● Information shown
##############################

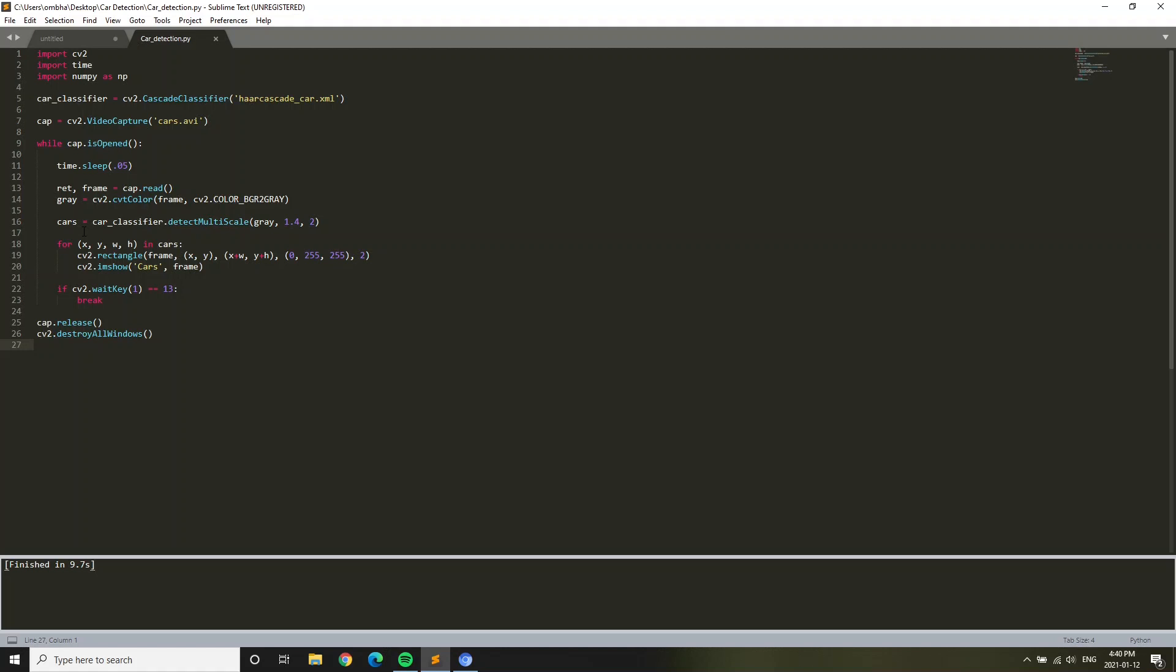And cars equals car_classifier.detectMultiScale, gray. That is basically multi-scale. For x, y, w, h in cars, that is basically the frames. It tells the frames in the video. It basically makes, remember I told you it's going to make around the cars, it's going to make a container. It tells the frames to make a container around the car, a rectangle around the car.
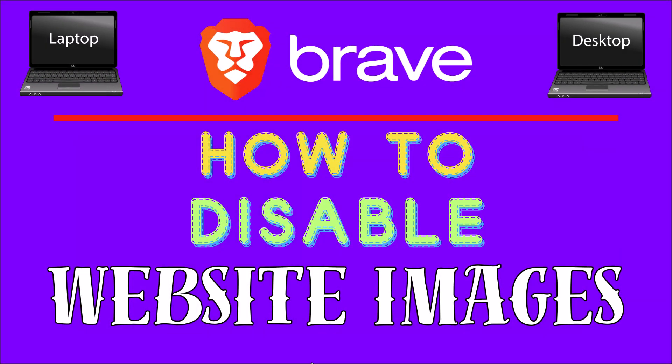This is going to be a video tutorial on how to disable website images on the Brave web browser. I will be using a desktop PC for this.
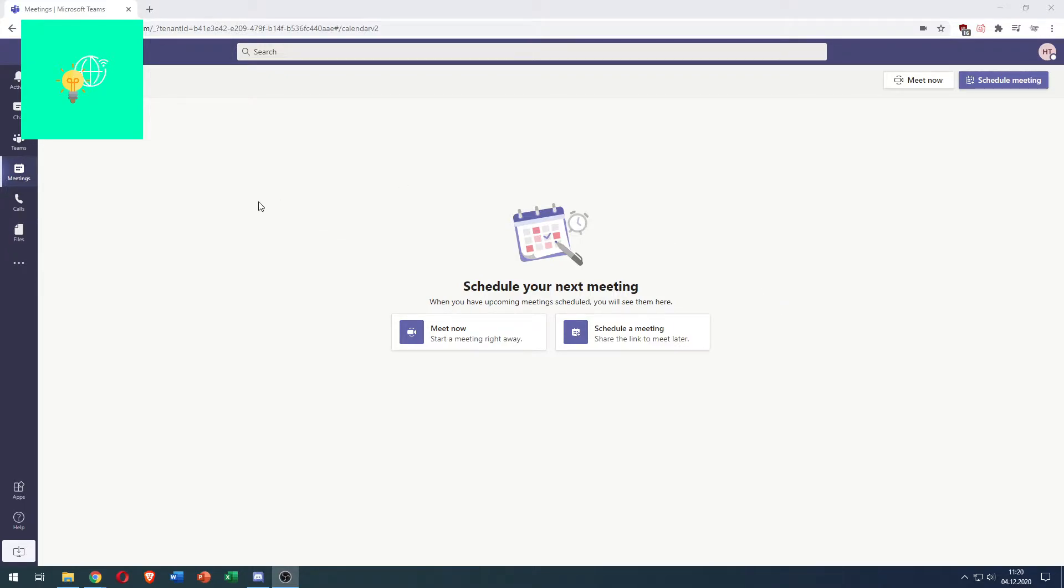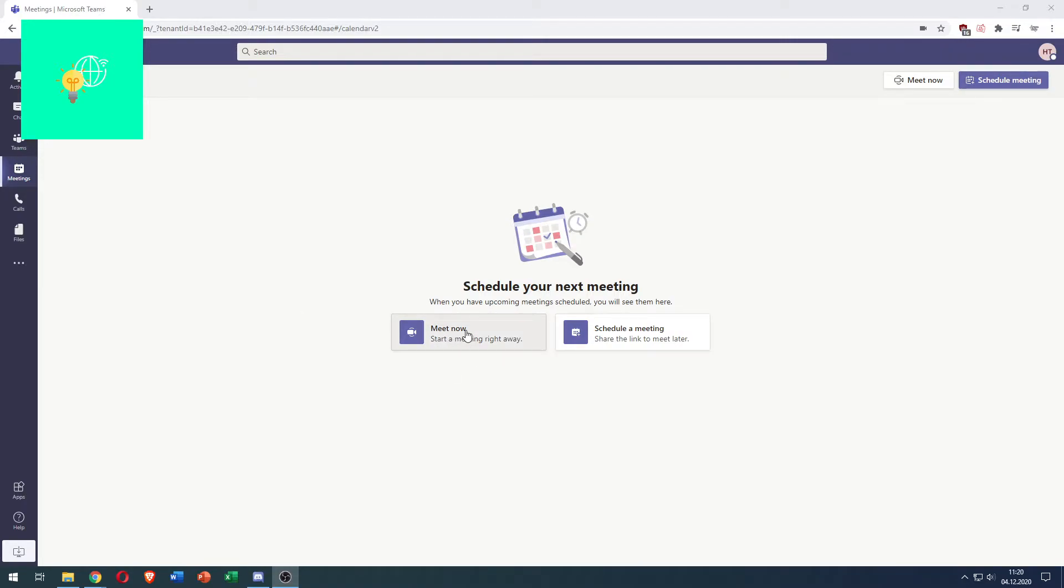So as you can see here I opened up Microsoft Teams in my browser but this works the same way when you have the desktop application open. Now we want to turn off the camera so we click meet now to create a meeting. We haven't yet joined the meeting.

##############################

● Work task
Print out the material word for word, omitting the pictures.

● Your solution
And cars equals car_classifier.detectMultiScale, gray. That is basically multi-scale. For x, y, w, h in cars, that is basically the frames. It tells the frames in the video. It basically makes, remember I told you it's going to make around the cars, it's going to make a container. It tells the frames to make a container around the car, a rectangle around the car.
This is going to be a video tutorial on how to disable website images on the Brave web browser. I will be using a desktop PC for this.
So as you can see here I opened up Microsoft Teams in my browser but this works the same way when you have the desktop application open. Now we want to turn off the camera so we click meet now to create a meeting. We haven't yet joined the meeting.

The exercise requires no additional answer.